### ACTIVITY
Copy, word for word, the lines of the listing below from the line with "RUSSIA, MOSCOW - FEB" up to and including the line with "a super neutral". Drop the pictures.

### PROVIDED INFORMATION

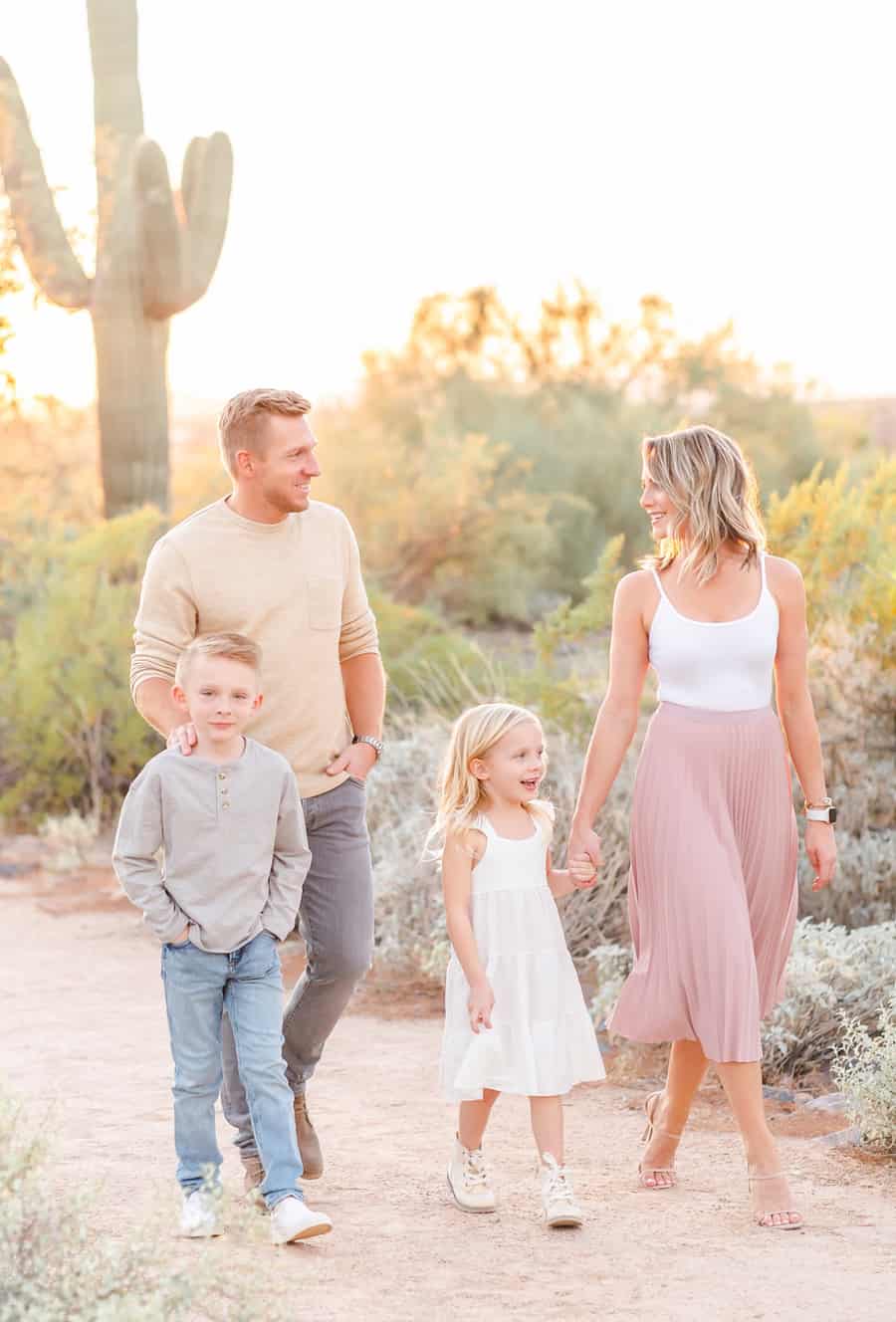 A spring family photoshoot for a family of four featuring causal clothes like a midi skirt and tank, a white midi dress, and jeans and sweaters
--
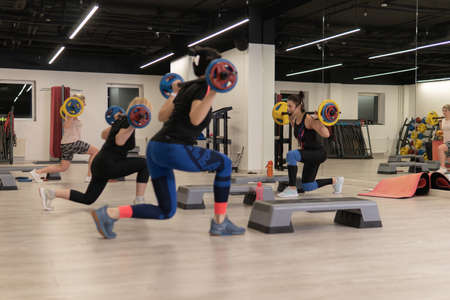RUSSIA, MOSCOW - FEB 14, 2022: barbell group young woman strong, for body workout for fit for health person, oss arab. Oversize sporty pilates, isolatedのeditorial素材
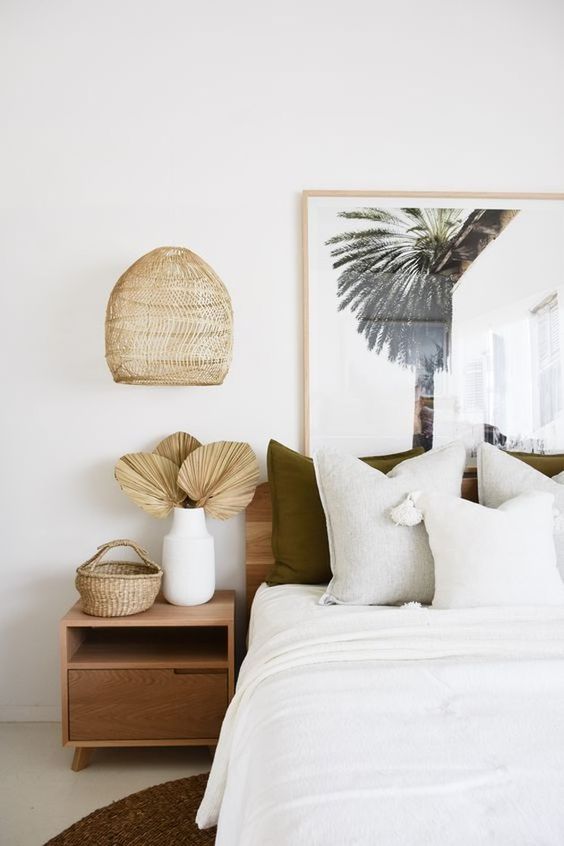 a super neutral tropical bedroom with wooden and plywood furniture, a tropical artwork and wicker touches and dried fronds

### ANSWER TO THIS PROBLEM
RUSSIA, MOSCOW - FEB 14, 2022: barbell group young woman strong, for body workout for fit for health person, oss arab. Oversize sporty pilates, isolatedのeditorial素材
 a super neutral tropical bedroom with wooden and plywood furniture, a tropical artwork and wicker touches and dried fronds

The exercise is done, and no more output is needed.